§ Assignment
Print out each record below, unaltered and complete, without its images.

Items listed in a dataset:
::::::

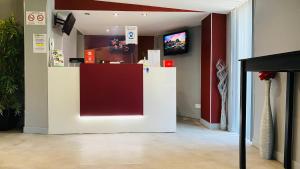 a store with a red and white counter in a room at Hotel Martinez Grenay in Grenay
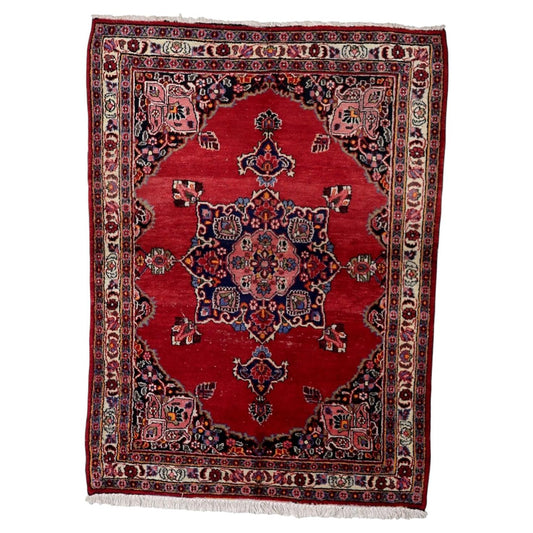 Antique 1920s Persian Kazvin wool rug with warm red field and symmetrical central medallion in navy pink ivory and green, 4.4 x 5.9 feet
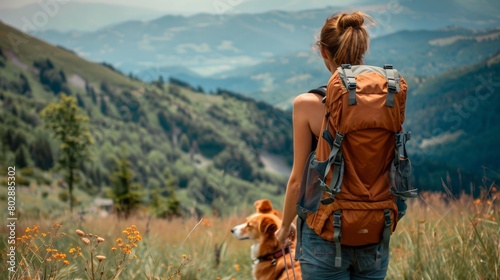girl with a backpack and a dog standing on a hill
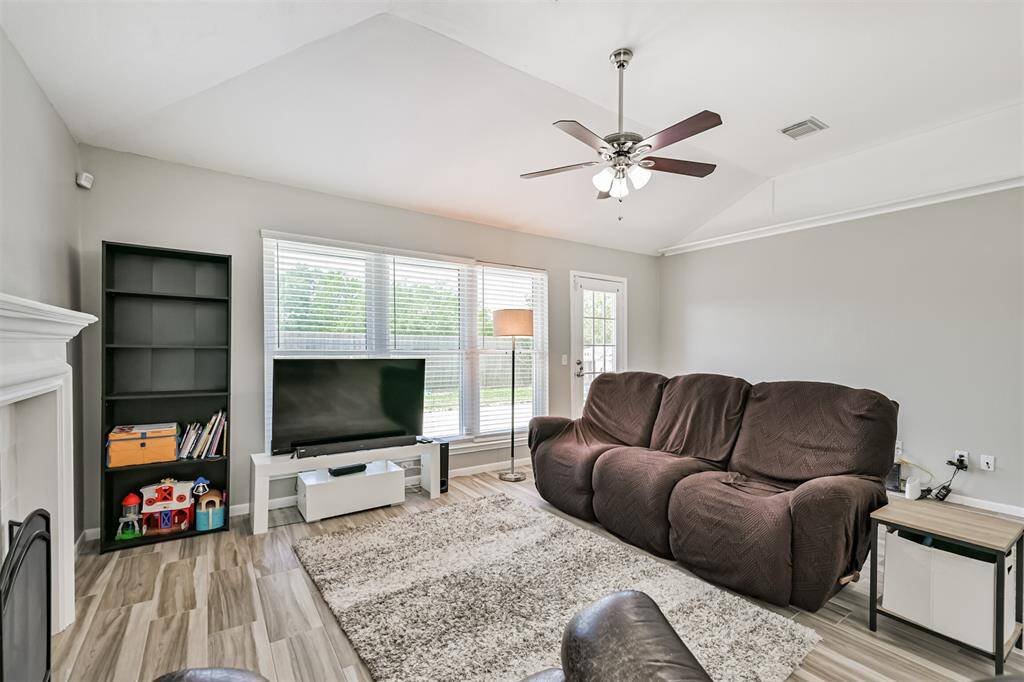 Tons of natural light in the living area from the wall of windows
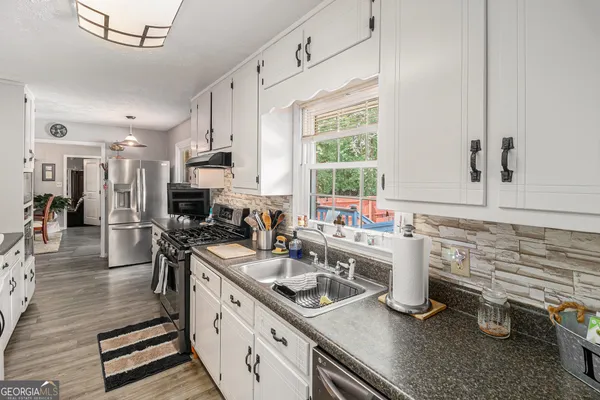a bedroom with furniture and a flat screen tv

::::::

§ The answer
 a store with a red and white counter in a room at Hotel Martinez Grenay in Grenay
 Antique 1920s Persian Kazvin wool rug with warm red field and symmetrical central medallion in navy pink ivory and green, 4.4 x 5.9 feet
girl with a backpack and a dog standing on a hill
 Tons of natural light in the living area from the wall of windows
a bedroom with furniture and a flat screen tv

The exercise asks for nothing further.